Repeat the data that follows verbatim. Images are not part of the copy.

_Data_
--- START ---

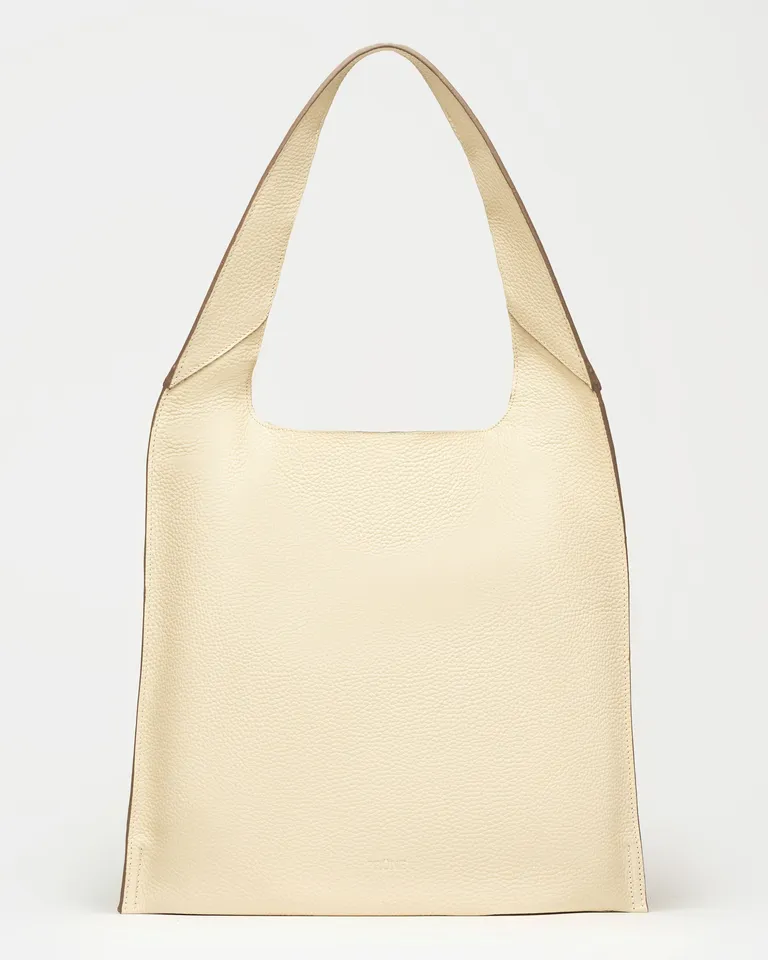 Cartera al hombro minimal en cuero graneado de Prüne en Bolsos y Carteras para argentina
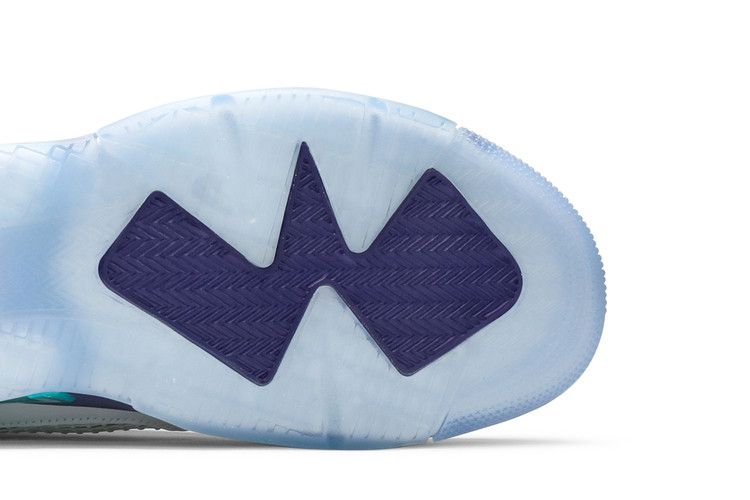 Jordan Mars 270 Grape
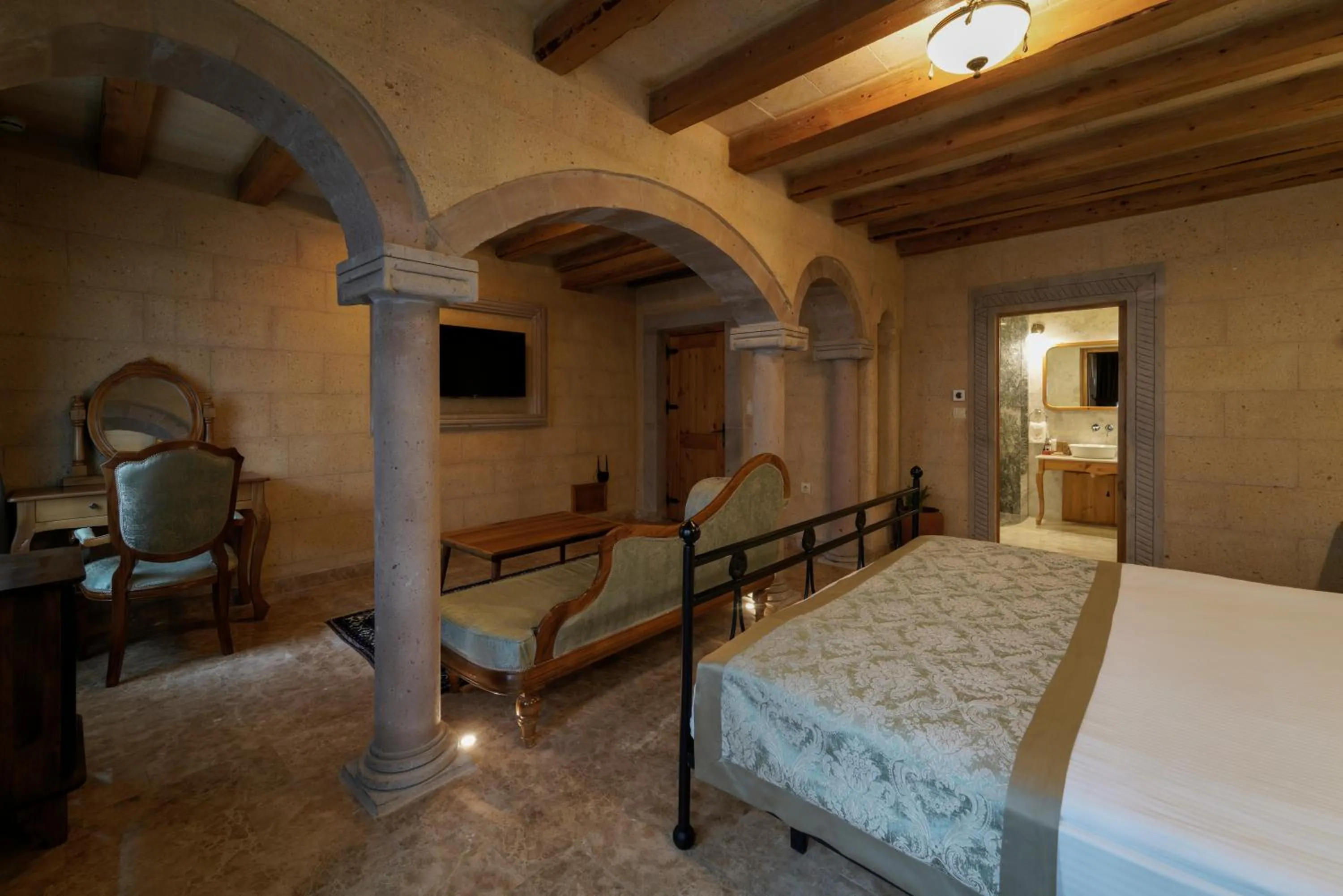 TV and multimedia, Bed in Cratus Stone Palace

--- END ---

_Reply to the task_
 Cartera al hombro minimal en cuero graneado de Prüne en Bolsos y Carteras para argentina
 Jordan Mars 270 Grape
 TV and multimedia, Bed in Cratus Stone Palace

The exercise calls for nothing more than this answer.